= Beginning of Section =
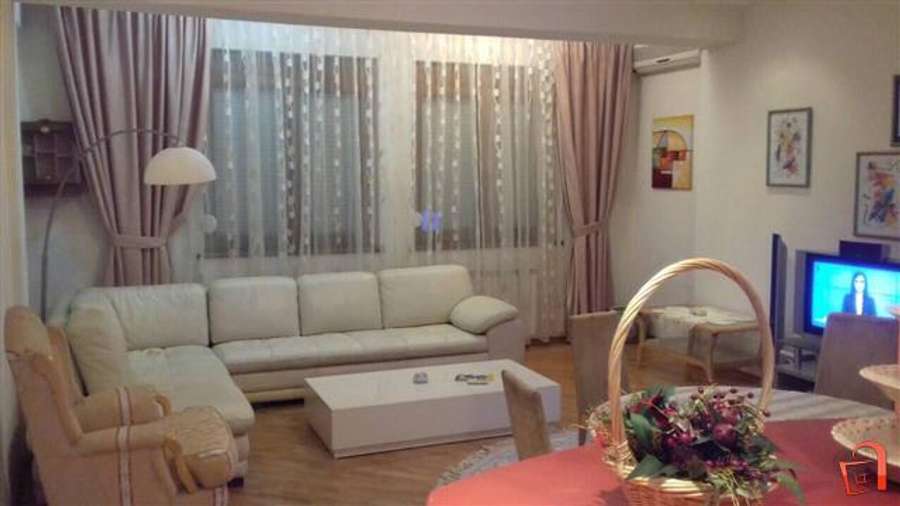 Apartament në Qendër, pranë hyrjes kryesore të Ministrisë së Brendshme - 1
= End of Section =
= Beginning of Section =
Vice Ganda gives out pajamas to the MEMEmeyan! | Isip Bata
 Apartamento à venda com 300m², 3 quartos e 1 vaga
= End of Section =
_What you have to do_
All that is wanted is a faithful reproduction of the line above with "Vice Ganda gives", the line with "Apartamento à venda", and every line in between.

_Problem solution_
Vice Ganda gives out pajamas to the MEMEmeyan! | Isip Bata
 Apartamento à venda com 300m², 3 quartos e 1 vaga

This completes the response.